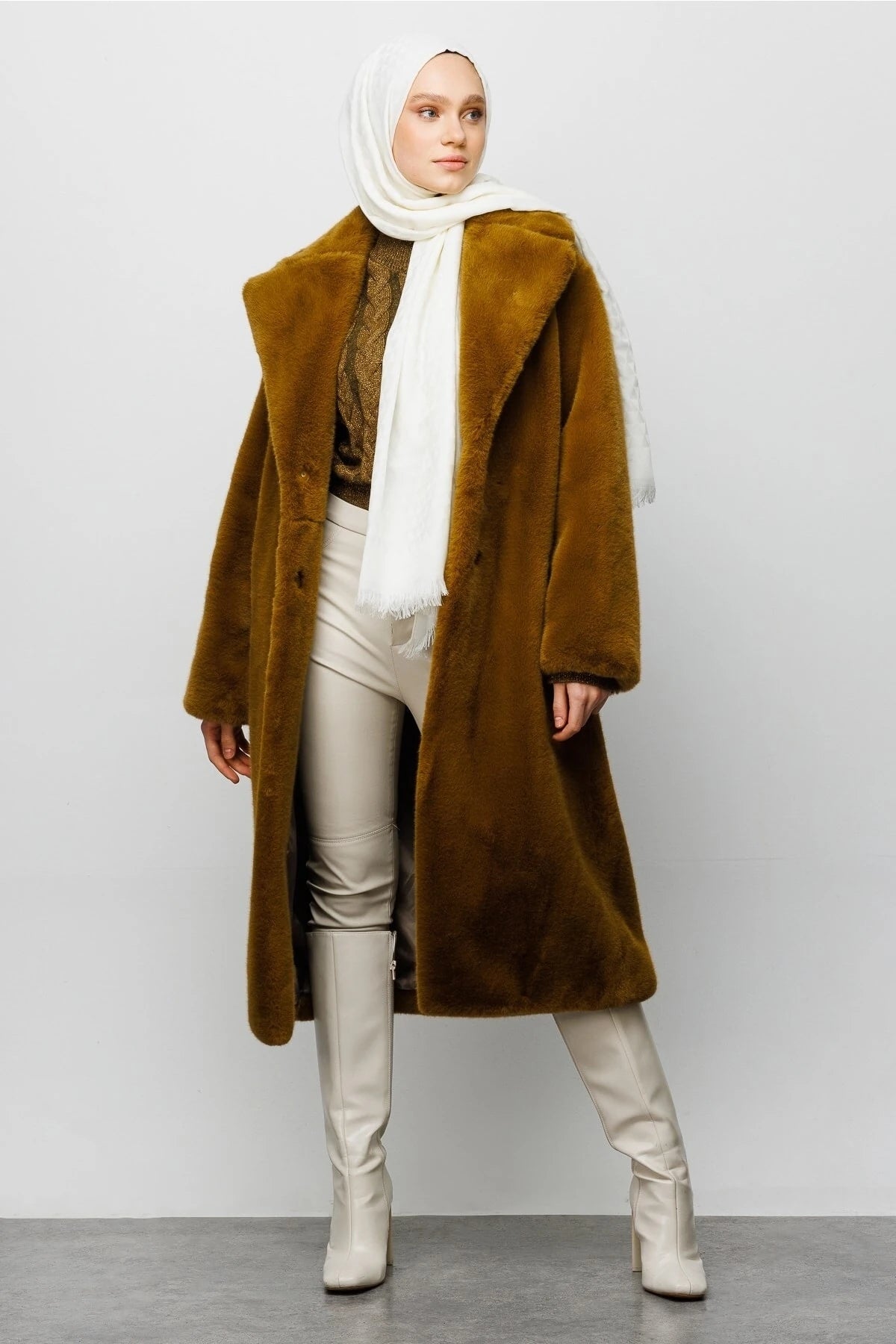 Kare Desen Pamuk Jakar Şal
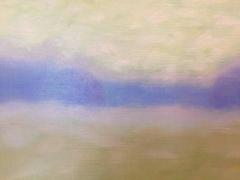 "Landscape 1", greens, blues, purples, neutral, oil painting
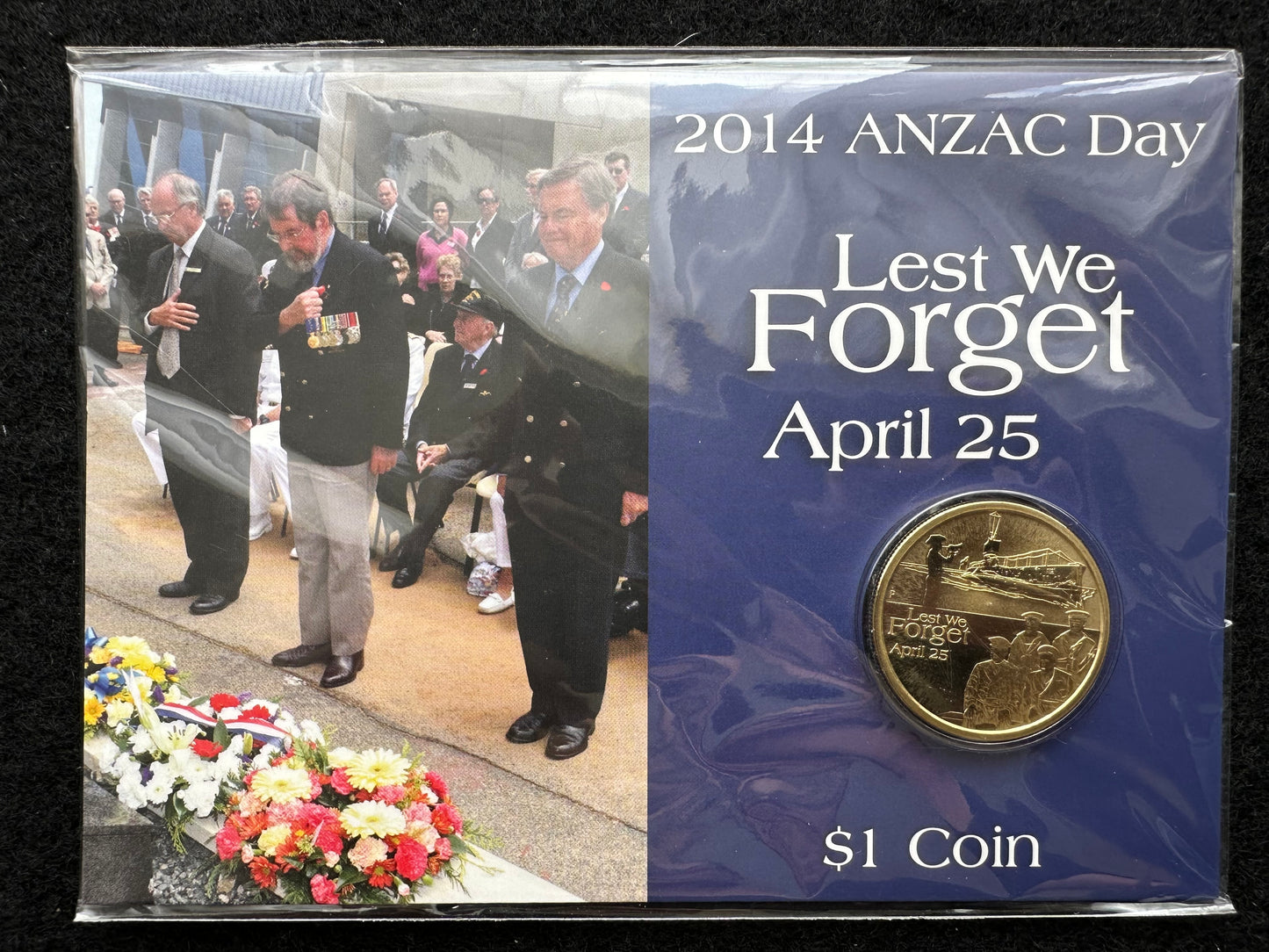 2014 $1 Lest We Forget ANZACS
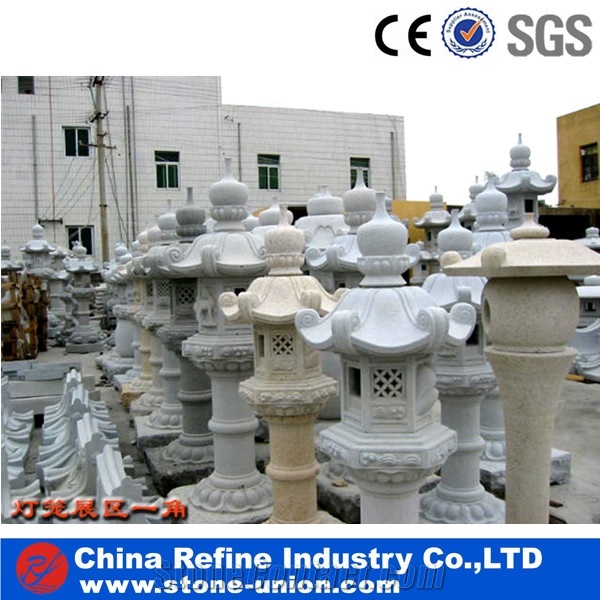 Natural Granite Japanese Garden Stone Lantern,Natural Stone Grey Granite Lanterns,Antique Japanese Stone Lantern,Garden Outdoor Granite Lantern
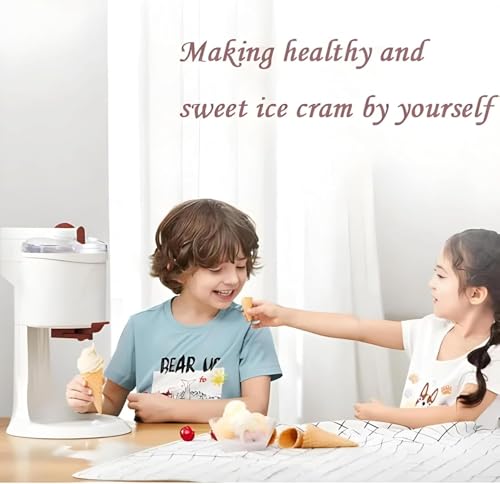 Mini Ice Cream Maker Machine, Automatic Soft Serve Frozen Yogurt and Slushie Maker for Home Kitchen, (MULTIPLE COLORS)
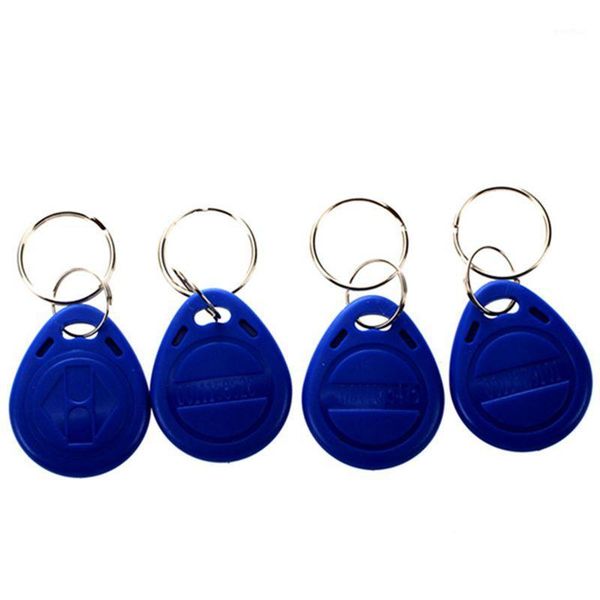

access control card 10pcs 125khz rfid proximity id token key tag keychain waterproof 1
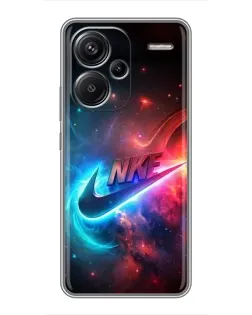 Чехол для Xiaomi Redmi Note 13 Pro Plus с картинкой «Огненный логотип Nike»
◇ ◇ ◇ ◇ ◇
• Task statement
Copy the lines from the line that contains "access control card" through the end of the records, exactly and with nothing added; leave the pictures out.

• Written solution
access control card 10pcs 125khz rfid proximity id token key tag keychain waterproof 1
 Чехол для Xiaomi Redmi Note 13 Pro Plus с картинкой «Огненный логотип Nike»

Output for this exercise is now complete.